French Around the World: Québec

October 25, 2019

Did you know that French is the native language of over 200 million people? Because French has spread across five continents, it has evolved in many surprising and exciting ways. Our “French Around the World Series” highlights different variations of the language so that you can enrich your vocabulary and impress francophones with your in-depth knowledge of their culture. Check out our previous post about Swiss French here.
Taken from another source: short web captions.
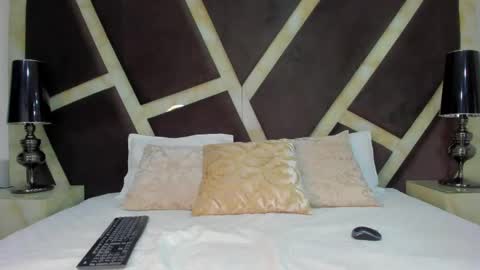  Anghel Stone  online show from February 2025 12:37:01 PM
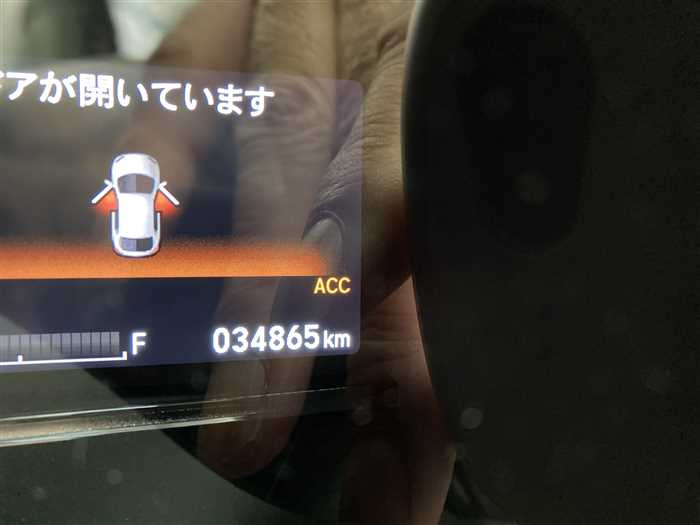 2018 Honda Fit DBA-GK5 (UW-695e10fa7e8d1)[23]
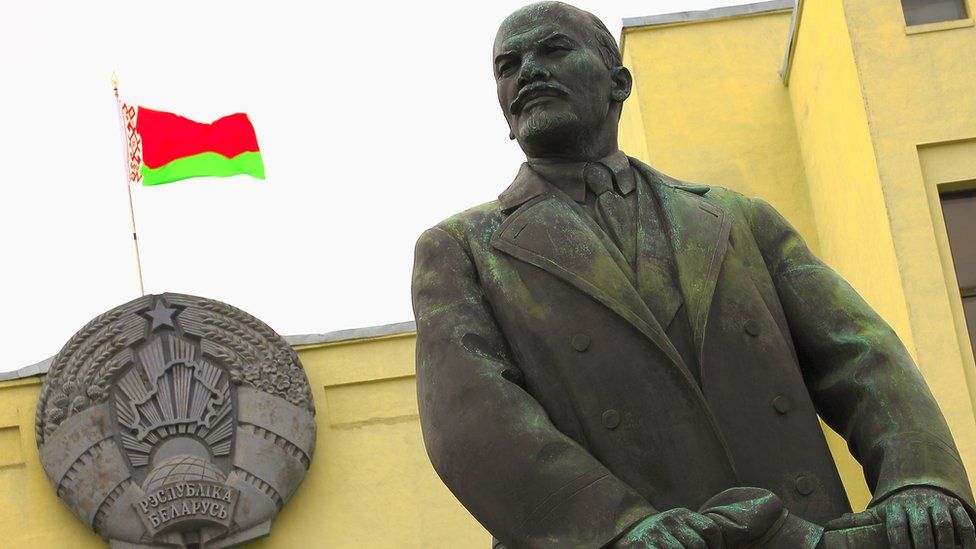 Lenin y la bandera bielorrusa frente al edificio del Parlamento en la plaza de la Independencia de Minsk, Bielorrusia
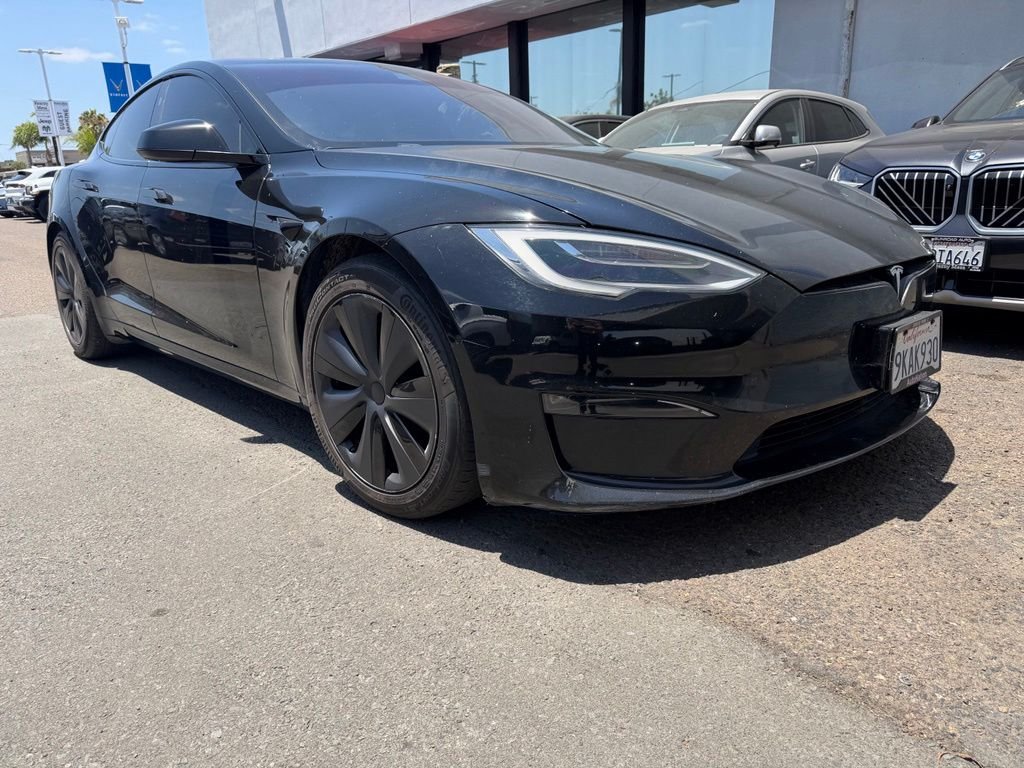 Used 2022 Solid Black Tesla Base image 2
This week, we’re heading to the only region of North America whose official language is French: le Québec! Many of our New York students have visited Montreal, and a lot of them come back asking us why they had a difficult time understanding the French that’s spoken there. The thing is, although les français et les québécois use practically the same grammar and spelling, they speak with very different accents. Also, les québécois have pretty different vocabularies, as you’ll soon see. 

Want to learn what differentiates Québécois from other forms of French? Tiguido!

By Sophia Millman

 

History of the Québécois Accent

You may already know that the French are slightly méprisant (disdainful) when it comes to Québécois accents. Parisians in particular might tell you that Québécois French is “distorted,” “incorrect,” “bizarre,” “hilarious-sounding,” or just “plain ugly.” But, in fact, Québécois is actually the purest version of French, historically speaking. Up until the 17th century, everyone in France spoke like the Québécois. Take that, you Parisian snobs! 
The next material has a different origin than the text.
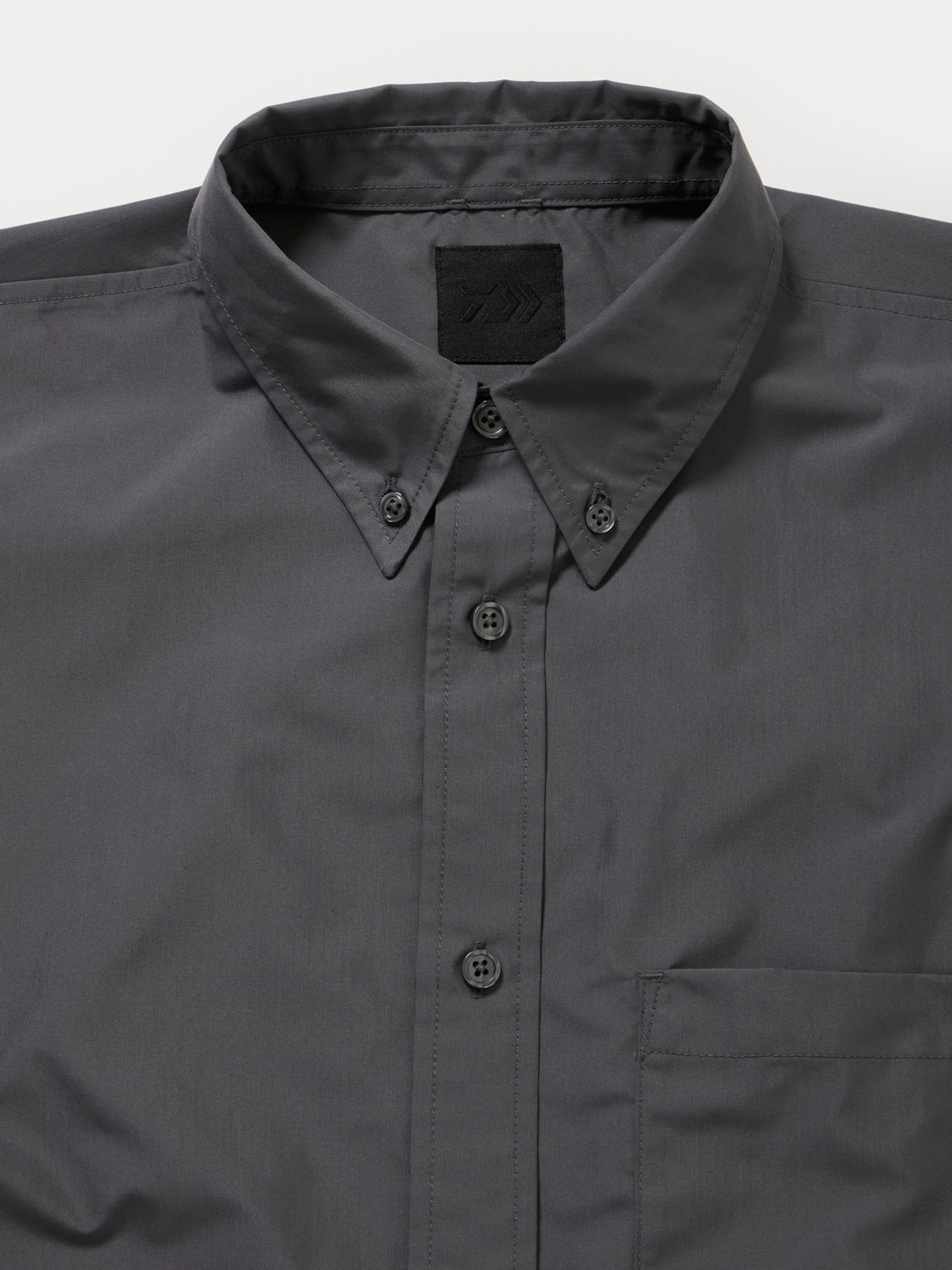 TECH BUTTON DOWN SHIRT L/S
Why is Québecois French more historically “correct” than standard Parisian French? Well, in a nutshell, the French explorer Jacques Cartier arrived in Canada in 1534. By the 16th century, Québec had been settled by colonists, most of whom came from North-Western France. They called this new region La Nouvelle-France or “New France.”

 Now, this is where the split between France and “New France” becomes important: in 1763, the French Empire cedes its lands to the British and communication between Quebec and France is largely cut off. The people of Québec continue to speak old French. That is, they contract their syllables and consider many letters silent. In Paris, however, pronouncing words as they are written becomes more and more popular, and slowly Parisian French diverges from old French, while Québécois French stays the same. 

 

Pronunciation Tips

As you might have noticed, in the image above, a lot of words have apostrophes in them. That’s because the Québécois love to contract words. Rather than saying, “À cette heure” like the French would, they say, “À c’t’heure” or “asteur.” Similarly, “tu sais” becomes “tsé.” Seems complicated? Don’t worry! We’ve broken down some of the important ways you can start changing your pronunciation if you want to talk like a true Québécois. 

1.Contraction is key!

You may know that many French prepositions are contracted (de + le = du, à + le = au). Québécois has many more contractions: à + la becomes à’a (one long vowel). Sur + le = su’l. Also, les québécois rarely pronounce “il” as it is written. Instead they just say “ee,” which they write as “y.” For instance, when Parisians say “he is sick,” they say “il est malade.” Les québécois will say, “Y’est malade.” Similarly, instead of saying “elle as perdu ses clés” for “she lost her keys,” les québécois drop the elle and simply say, “A perdu ses clés.”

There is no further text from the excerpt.